Content starts

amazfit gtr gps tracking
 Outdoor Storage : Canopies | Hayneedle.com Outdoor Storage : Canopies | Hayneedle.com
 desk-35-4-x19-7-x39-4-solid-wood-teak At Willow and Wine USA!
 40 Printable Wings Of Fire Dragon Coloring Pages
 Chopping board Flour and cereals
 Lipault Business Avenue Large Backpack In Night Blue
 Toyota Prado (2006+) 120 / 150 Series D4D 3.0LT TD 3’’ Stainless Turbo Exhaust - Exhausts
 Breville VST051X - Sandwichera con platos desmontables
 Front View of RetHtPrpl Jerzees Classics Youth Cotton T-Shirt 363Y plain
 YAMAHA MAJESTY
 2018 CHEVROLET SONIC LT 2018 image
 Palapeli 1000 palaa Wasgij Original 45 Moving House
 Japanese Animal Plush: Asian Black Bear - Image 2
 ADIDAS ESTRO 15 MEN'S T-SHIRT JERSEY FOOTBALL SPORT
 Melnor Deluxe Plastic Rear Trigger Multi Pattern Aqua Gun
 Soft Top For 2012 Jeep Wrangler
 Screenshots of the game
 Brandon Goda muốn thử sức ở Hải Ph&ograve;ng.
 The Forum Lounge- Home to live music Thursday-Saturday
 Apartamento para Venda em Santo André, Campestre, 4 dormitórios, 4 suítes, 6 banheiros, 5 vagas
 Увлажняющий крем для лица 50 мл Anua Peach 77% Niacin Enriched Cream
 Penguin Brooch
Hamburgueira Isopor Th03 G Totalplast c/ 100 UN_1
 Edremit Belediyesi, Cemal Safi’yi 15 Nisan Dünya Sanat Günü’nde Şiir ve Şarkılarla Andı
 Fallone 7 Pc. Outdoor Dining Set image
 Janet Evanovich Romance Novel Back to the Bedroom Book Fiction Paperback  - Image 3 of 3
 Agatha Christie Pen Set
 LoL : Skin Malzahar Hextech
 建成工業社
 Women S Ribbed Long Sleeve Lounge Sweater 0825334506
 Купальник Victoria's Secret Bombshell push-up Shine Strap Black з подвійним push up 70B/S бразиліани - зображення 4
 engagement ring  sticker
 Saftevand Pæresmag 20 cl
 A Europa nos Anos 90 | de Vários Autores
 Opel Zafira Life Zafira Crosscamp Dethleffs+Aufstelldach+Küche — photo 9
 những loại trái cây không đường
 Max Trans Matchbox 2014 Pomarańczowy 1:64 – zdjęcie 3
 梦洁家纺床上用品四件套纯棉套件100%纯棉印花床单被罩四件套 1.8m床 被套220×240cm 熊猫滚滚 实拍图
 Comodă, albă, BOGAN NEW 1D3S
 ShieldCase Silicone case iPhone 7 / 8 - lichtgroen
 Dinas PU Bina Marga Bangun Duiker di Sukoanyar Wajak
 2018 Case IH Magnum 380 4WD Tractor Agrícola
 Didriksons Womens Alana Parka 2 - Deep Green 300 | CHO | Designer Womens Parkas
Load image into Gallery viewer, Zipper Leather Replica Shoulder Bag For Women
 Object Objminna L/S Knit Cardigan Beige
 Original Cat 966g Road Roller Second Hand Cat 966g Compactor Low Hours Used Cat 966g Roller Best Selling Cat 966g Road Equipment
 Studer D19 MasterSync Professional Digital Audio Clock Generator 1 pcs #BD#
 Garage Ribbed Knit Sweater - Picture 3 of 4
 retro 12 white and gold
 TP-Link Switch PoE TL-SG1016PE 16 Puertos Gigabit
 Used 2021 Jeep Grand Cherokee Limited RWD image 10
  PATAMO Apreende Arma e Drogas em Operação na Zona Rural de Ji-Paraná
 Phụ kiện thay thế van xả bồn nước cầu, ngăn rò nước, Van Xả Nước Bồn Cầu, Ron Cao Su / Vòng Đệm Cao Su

Content ends

◆ WHAT YOU HAVE TO DO ◆
Look at the material above and copy, word for word, its lines from the first through the one containing "Hamburgueira Isopor Th03".

◆ FINAL ANSWER ◆
amazfit gtr gps tracking
 Outdoor Storage : Canopies | Hayneedle.com Outdoor Storage : Canopies | Hayneedle.com
 desk-35-4-x19-7-x39-4-solid-wood-teak At Willow and Wine USA!
 40 Printable Wings Of Fire Dragon Coloring Pages
 Chopping board Flour and cereals
 Lipault Business Avenue Large Backpack In Night Blue
 Toyota Prado (2006+) 120 / 150 Series D4D 3.0LT TD 3’’ Stainless Turbo Exhaust - Exhausts
 Breville VST051X - Sandwichera con platos desmontables
 Front View of RetHtPrpl Jerzees Classics Youth Cotton T-Shirt 363Y plain
 YAMAHA MAJESTY
 2018 CHEVROLET SONIC LT 2018 image
 Palapeli 1000 palaa Wasgij Original 45 Moving House
 Japanese Animal Plush: Asian Black Bear - Image 2
 ADIDAS ESTRO 15 MEN'S T-SHIRT JERSEY FOOTBALL SPORT
 Melnor Deluxe Plastic Rear Trigger Multi Pattern Aqua Gun
 Soft Top For 2012 Jeep Wrangler
 Screenshots of the game
 Brandon Goda muốn thử sức ở Hải Ph&ograve;ng.
 The Forum Lounge- Home to live music Thursday-Saturday
 Apartamento para Venda em Santo André, Campestre, 4 dormitórios, 4 suítes, 6 banheiros, 5 vagas
 Увлажняющий крем для лица 50 мл Anua Peach 77% Niacin Enriched Cream
 Penguin Brooch
Hamburgueira Isopor Th03 G Totalplast c/ 100 UN_1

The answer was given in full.